Advertising at this time is now free. It's called the World Wide Web. What we have been calling advertising up to now is intrusive and parasitizes the attention we mean to pay to other things--the TV show we're watching, the news story we're reading, the patch of roadside we're looking at when a billboard appears. I don't even want to see such campaign advertising on the Web, and there's no need for it. People will blog and link and Google and they will have their fill of the candidate and commentary. We are no longer a society of town squares and meeting halls. We don't need to pay for fireworks and banners and trucks to bring people in. Let campaign spending be set to zero!

N.E.Hatfield

"intensity of preference" has got noting to do with it. It's really all about tax write-offs and power politics. As Machivelli put it, "it's really a matter of Virtu, fortuna, & neccessite."

Corey

"Advertising at this time is now free. It's called the World Wide Web."

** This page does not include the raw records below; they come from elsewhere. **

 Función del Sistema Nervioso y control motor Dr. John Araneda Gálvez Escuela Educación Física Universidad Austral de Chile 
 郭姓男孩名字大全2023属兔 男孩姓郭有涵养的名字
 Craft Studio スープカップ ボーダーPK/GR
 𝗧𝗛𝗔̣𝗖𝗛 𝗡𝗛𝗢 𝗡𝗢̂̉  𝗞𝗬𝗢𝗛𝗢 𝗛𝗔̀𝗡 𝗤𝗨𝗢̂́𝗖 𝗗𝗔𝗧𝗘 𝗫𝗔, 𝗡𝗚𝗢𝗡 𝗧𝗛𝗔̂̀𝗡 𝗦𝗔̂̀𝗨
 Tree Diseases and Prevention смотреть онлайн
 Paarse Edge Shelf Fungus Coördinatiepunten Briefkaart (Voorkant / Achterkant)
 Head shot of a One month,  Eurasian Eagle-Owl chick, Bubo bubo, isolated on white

That is a gross overstatement of the level of access to the WWW. It may seem like the whole world to people who spend all of their free time on it, but it is not the whole world. Nor is it free, don't be delusional about the reach a blog can have.

I read Posner's post and thought to myself, wow, what a great argument for campaign limits, then I came to the sentence:

"My conclusion is that efforts to limit the size of campaign contributions are probably mistaken."

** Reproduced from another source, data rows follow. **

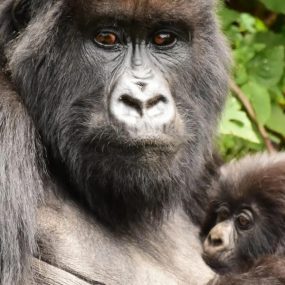 3 Days Rwanda Gorilla Trek And Dian Fossey Hike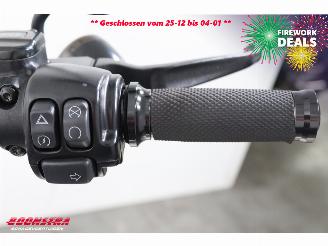 Harley-Davidson Sport Glide 107 FLSB 5HD LED ABS picture 29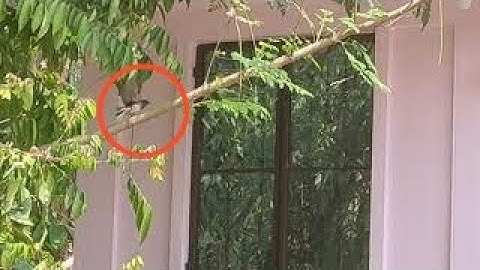 Bird attacking his own reflection in the mirror daily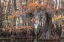 Picture of BIG CYPRESS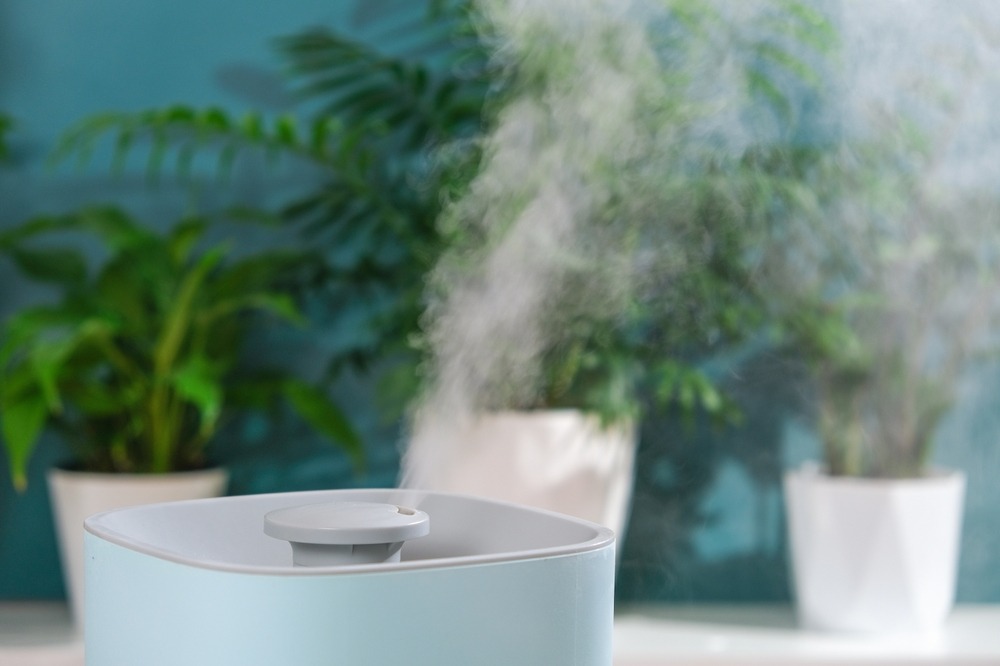 観葉植物の前でミストを放出している加湿器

Well I am not in the habit of internalizing the bare preferences of judges, so I am not convinced.

If you believe that rich people "earned" or deserve their wealth then it makes sense to think that rich people should have superior influence over campaigns and politicians. However, if you yourself are NOT rich and believe that, then I pity your false-consciousness. Keep working hard, you will be rich too I am sure.

lincoln fan

A true reform would be to have campaigns totally funded by the taxpayers and to have the voters disperse the funds to the candidates of their choice.
This could work this way:
1. The congress would appropriate an amount based on the cost of the previous comparable campaign.
2. An equal share of these funds would be credited to a special account for each registered voter.
3. Each voter would electronically transfer credits to the campaign accounts of the candidates of his choice. No other credits to these accounts are allowed.
4. All campaign expenses would have to be paid from each candidates' account.

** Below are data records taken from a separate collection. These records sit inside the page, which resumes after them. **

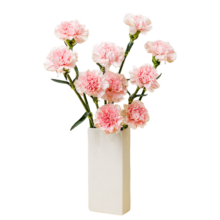 花点时间（Reflower）康乃馨鲜花送妈妈云南昆明基地源头直发单头康乃馨颜色随机20枝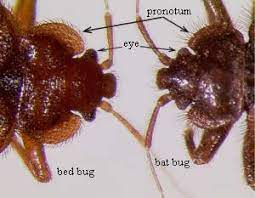 Bat Bug Horticulture And Home Pest News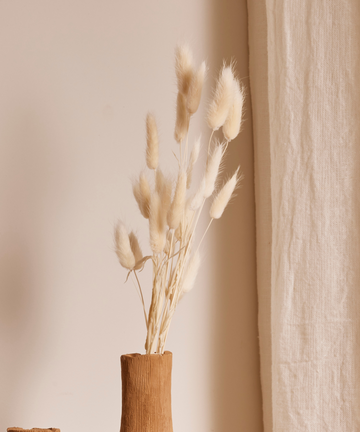 Flor Cauda de Coelho Desidratada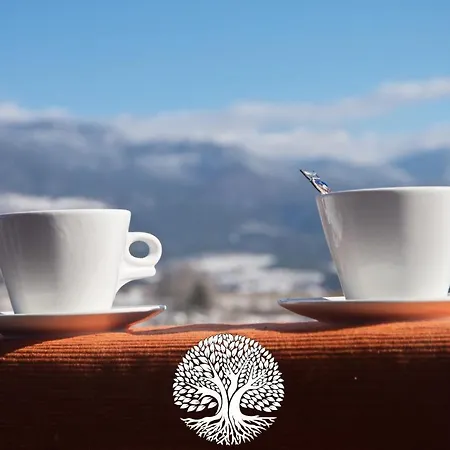 Debeli Dab Хотел 2*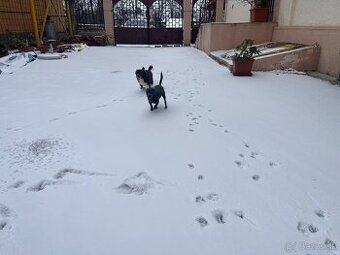 Darujem čivavu za veterinárne poplatky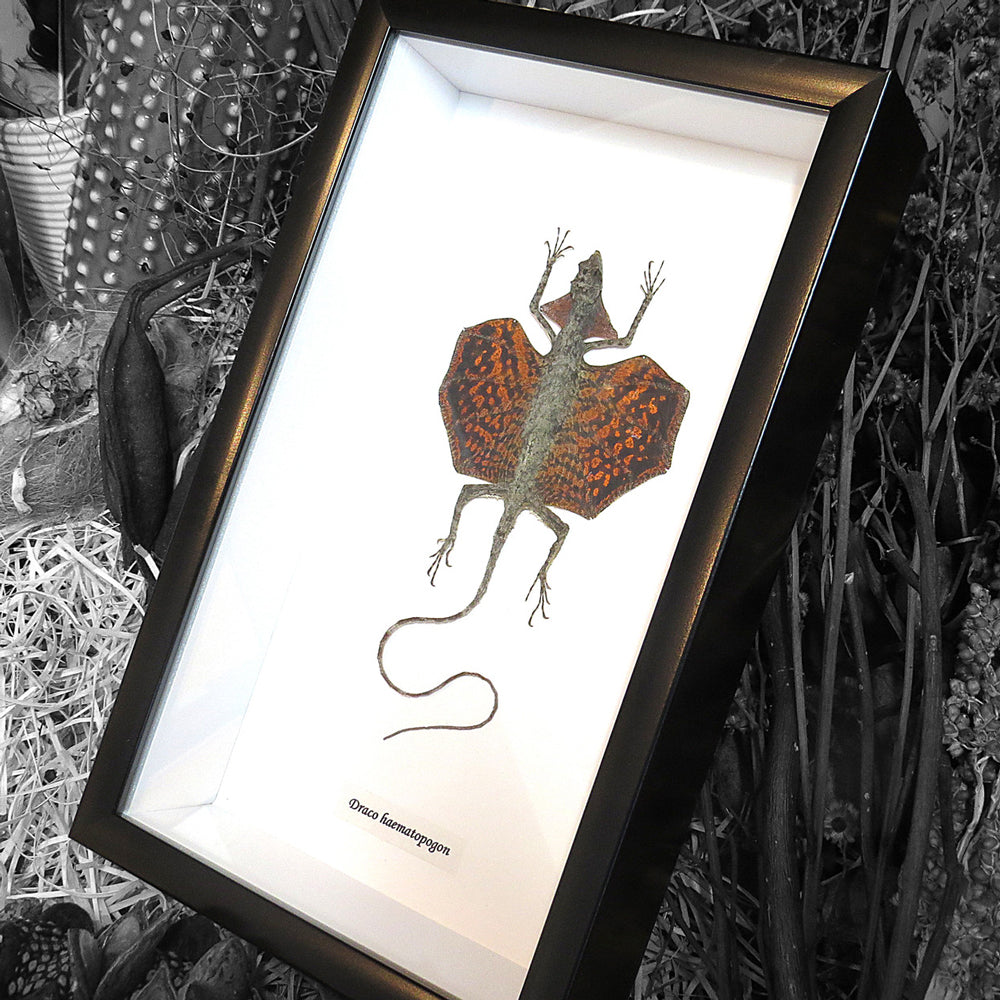 Skiber Javaensis Flying Dragon Framed Genuine Lizard Specimen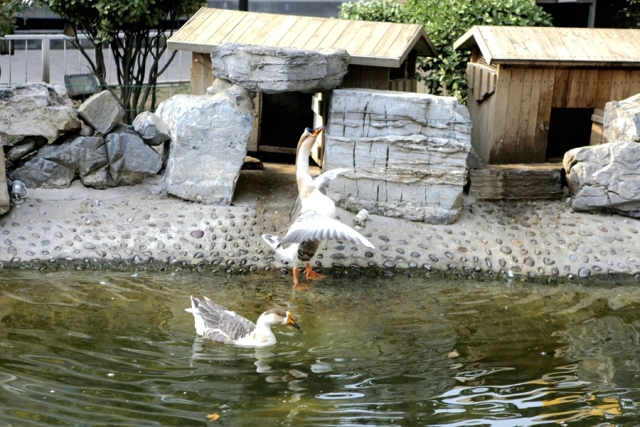 东方时尚以实力铸就品牌,东方时尚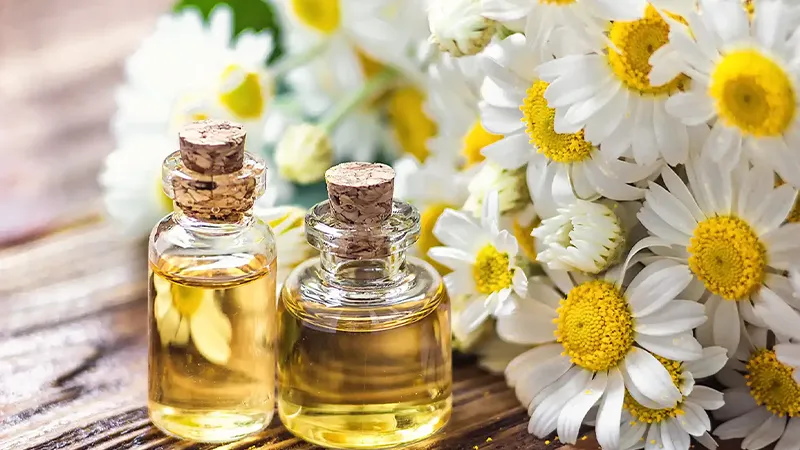 10 تا از خواص درمانی بابونه که نمیدانید! 6 روغن بابونه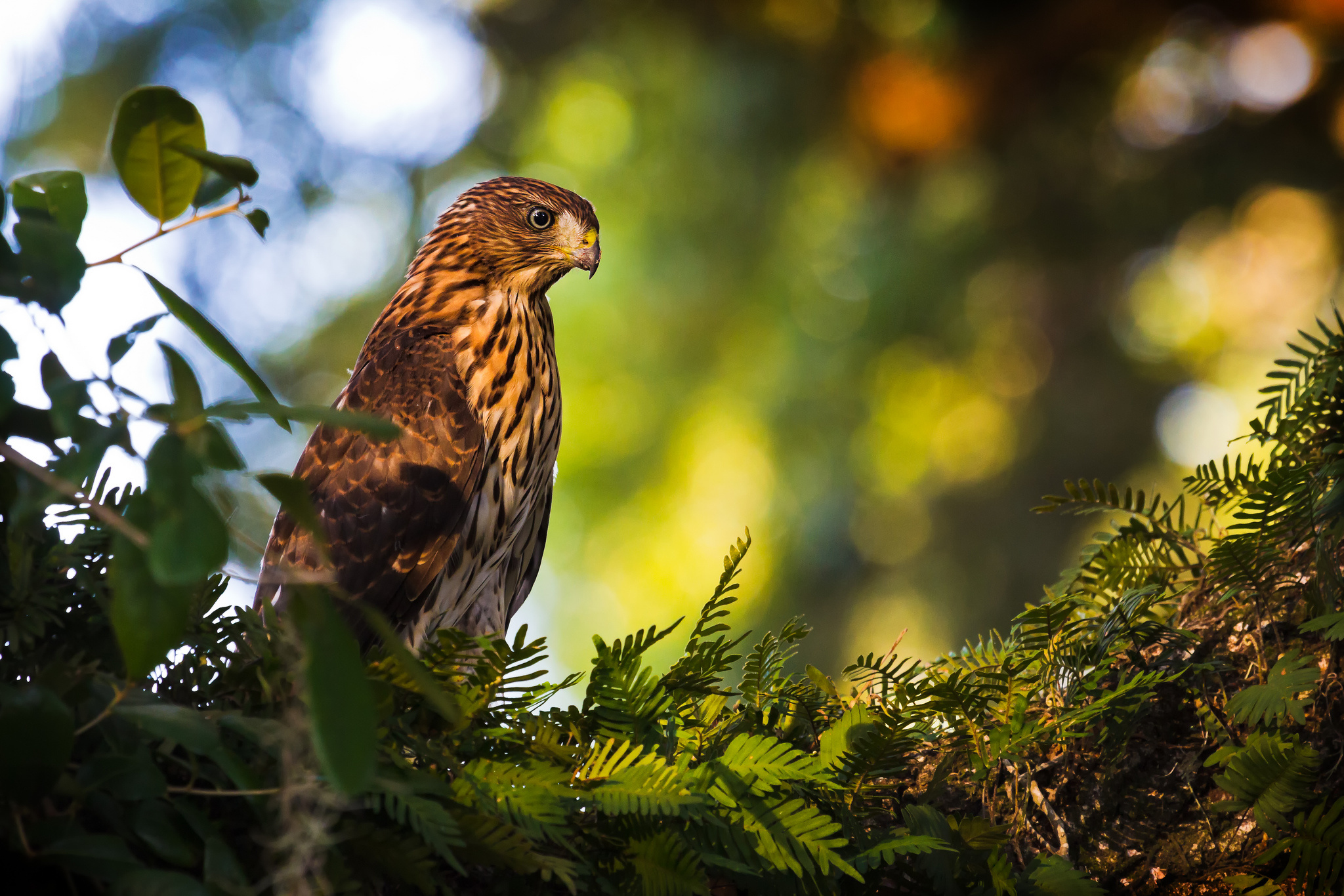 Everglades experience essay 06 image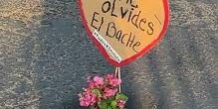 bache corazon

This system would provide a paper trail to assure that no "outside" money was used. Also, a check could easily be made to determine if the total spent was not more than the amount approriated.

Pi˘ Messenger

Gracias a Dios alguien que informa sobre algo!

Simon

Perhaps this is a separate issue, but I have always considered the issue of public funding of elections and campaign finance limits as intertwined. Many of the issues contribution limits fail to address (more competetive elections, "soft bribery," incumbency advantage) would be most effectively solved by dramatically limiting campaign expenditures and providing full public funding. Eliminating the need to fundraise by providing all candidates with a fixed amount on which to campaign would address these issues.
Whether this solution is constitutional is a completely different issue.

calico bass

i dont think a lot of people want publicly financed campaigns. in fact, the majority of people have an inate distrust for politicians and dont want to support either candidate and find supporting any politician as a waste. second of all, by having publicly financed campaigns i would implicitly be supporting someone i dont want in office. seems kind of counterintuitive to american democracy.